ERIC F. MELGREN, District Judge.
In May 2014, Defendant Randy Johnson was released from prison on postrelease supervision. Months later, he became the suspect in burglaries of jewelry stores. On January 13, 2015, two special agents from the Kansas Department of Corrections ("KDOC") and a law enforcement officer from the Wichita Police Department ("WPD") arrested Johnson inside his home. The KDOC officers and the WPD officer then searched Johnson's home without a warrant. Several hours later, WPD officers conducted a second search, this time pursuant to a search warrant based, in part, on observations made during the first search. During the second search, law enforcement discovered a handgun in the basement.
Johnson now moves to suppress all evidence obtained from the second search. He contends that the first search of his house violates Kansas state law and his Fourth Amendment rights and therefore any evidence discovered during the second search should be suppressed as fruit of the poisonous tree. As explained below, the Court denies Johnson's motion.

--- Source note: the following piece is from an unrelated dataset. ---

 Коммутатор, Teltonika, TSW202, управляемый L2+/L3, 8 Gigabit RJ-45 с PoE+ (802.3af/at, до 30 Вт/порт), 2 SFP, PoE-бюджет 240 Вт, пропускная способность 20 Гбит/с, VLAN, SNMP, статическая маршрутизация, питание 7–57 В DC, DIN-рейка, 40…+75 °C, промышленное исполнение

Defendant Johnson was released from prison on postrelease supervision on May 9, 2014. At his release, Johnson signed a document titled "Conditions of Release for Parole and Post-Incarceration Supervision" (the "PostRelease Agreement") that set forth certain conditions Johnson must abide by during his postrelease supervision. For example, Johnson was required to keep his parole officer informed of his residence and employment. He could not own any firearms or ammunition, and he could not consume any mind altering substances, including alcohol. He also agreed to the search of his person, residence, or property. Specifically, Johnson agreed to: (1) "be subjected to a search of my person, residence, and any other property under my control by parole officers, any authorized parole staff, and department of corrections enforcement, apprehension, and investigation officers with or without a search warrant and with or without cause;" and (2) "be subjected to a search of my person, residence, and any other property under my control by any law enforcement officer based on reasonable suspicion of violation of conditions of post-incarceration supervision or reasonable suspicion of criminal activity."

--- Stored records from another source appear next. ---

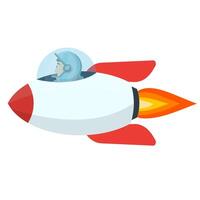 An astronaut is flying on a rocket. Space flight on a rocket vector
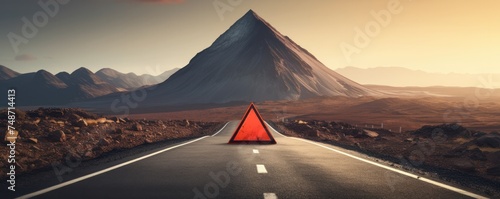 Red warning triangle is on road while good weather, car accident, banner. Generative Ai.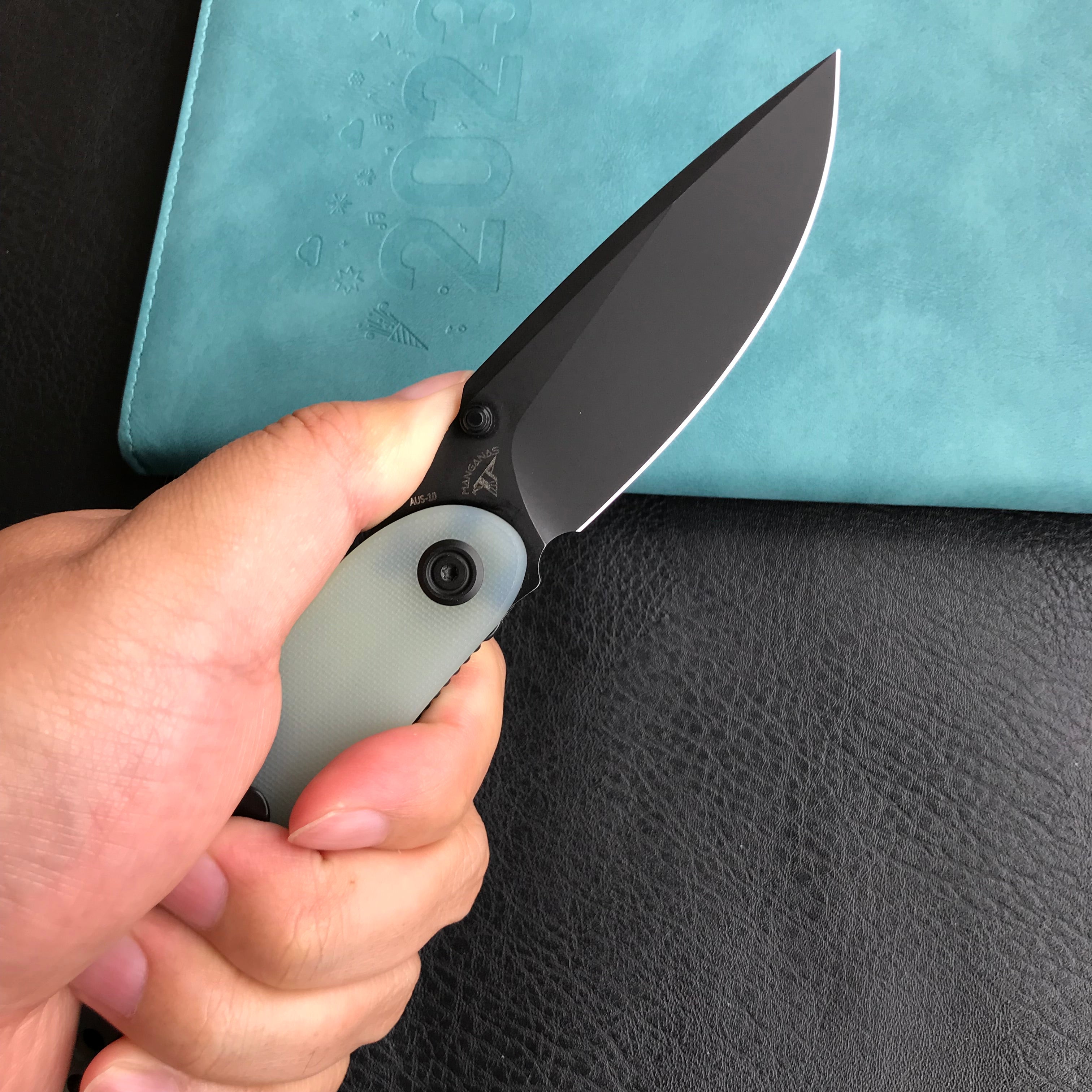 KUBEY KU344J Momentum Sherif Manganas Design Liner Lock Front Flipper / Dual Studs Open Folding Knife Jade G10 Handle 3.43" Dark Stonewashed AUS-10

In January 2015, Johnson became a suspect in a burglary of a jewelry business. During the burglary an individual left blood inside the store on some of the broken glass. The blood was collected and analyzed, and a CODIS search resulted in a DNA match to Johnson. Based on this information, Johnson's parole officer issued a KDOC Arrest and Detain Order. In addition, the Sedgwick County District Court issued an arrest warrant for Johnson to be executed by the WPD.

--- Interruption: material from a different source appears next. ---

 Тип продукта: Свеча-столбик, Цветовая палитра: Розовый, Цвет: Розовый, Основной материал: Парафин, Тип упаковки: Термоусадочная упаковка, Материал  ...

On January 13, 2015, KDOC Special Agents Bansemer and Richardson met WPD Sergeant Pfeifer at Johnson's residence to take him into custody. Before entering the residence, Johnson's girlfriend, Ashanti Peal, exited the house with three children and told them that Johnson was not inside. The officers then went inside the residence to search for Johnson. After not finding him on the main level, the agents went to the top of the stairs leading to the basement. They announced themselves, and heard a male voice saying "I'm coming out." Johnson then stepped out from behind the stairwell and self-surrendered.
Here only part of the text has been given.